West Virginia Code § 56-6-1 (1997) provides that the clerk of a circuit court, prior to every term of court, shall prepare a docket of the eases pending and, under the control of the court, set the eases and other matters for certain days. In Woodall v. Laurita 156 W.Va. 707, 195 S.E.2d 717 (1973), this Court reasoned: “This statute ... explicitly contemplates the control of the docket by the court and not by a party litigant.” Id. at 709, 195 S.E.2d at 719.

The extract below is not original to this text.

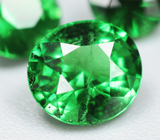 Набор из 3 «неоновых» цаворитов 1,95 карата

The Appellees in the present case assert that the failure to obtain a hearing on the motion for reinstatement within three terms is the fault of the Appellant. Placing the burden of case perpetuation through the circuit court docket entirely upon a plaintiff, however, is unreasonable. The Appellant satisfied her Rule 41(b) responsibility of timely filing her reinstatement motion on September 23, 1994. She thereafter demonstrated a remarkable lack of diligence in attempting to contact the court to obtain a hearing date on the motion. However, we do not believe that her lack of diligence in urging the lower court to set a hearing date should destroy her right to be heard; neither should the lower court’s delay prejudice the Appellant’s right to an inquiry into the reasons for the initial delay in prosecuting the case. See Frazier v. Pioneer Chevrolet-Cadillac, Inc., 192 W.Va. 468, 452 S.E.2d 926 (1994); Rollyson v. Rader, 192 W.Va. 300, 452 S.E.2d 391 (1994).

The Appellant requests this Court to reverse the decision of the lower court and to remand for an opportunity to present evidence on the issue of good cause for neglect in the prosecution of the case. That crucial inquiry was not addressed during the hearing on the Appellant’s motion to reinstate since the lower court ruled that it lacked jurisdiction to hear the motion. We conclude that the lower court did not lack jurisdiction to hear the reinstatement motion, and we therefore reverse the decision of the lower court and remand this case for a hearing on the issue of good cause for neglect in the prosecution of the case.

Reversed and remanded.

. We point out that a per curiam opinion is not legal precedent. See Lieving v. Hadley, 188 *666W.Va. 197, 201 n. 4, 423 S.E.2d 600, 604 n. 4. (1992) ("Per Curiam opinions ... are used to decide only the specific case before the Court; everything in a per curiam opinion beyond the syllabus point is merely obiter dicta.... Other courts, such as many of the United States Circuit Court of Appeals, have gone to non-published (not-to-be-cited) opinions to deal with similar cases. We do not have such a specific practice, but instead use published per curiam opinions. However, if rules of law or accepted ways of doing things are to be changed, then this Court will do so in a signed opinion, not a per curiam opinion.”)

. The lower court provided no notice of its intent to dismiss the matter. See Dimon v. Mansy, 198 W.Va. 40, 479 S.E.2d 339 (1996). The procedures enumerated for notice of intent in Dimon are not retroactive, and they are therefore not applied in the examination of the lower court’s actions in 1994.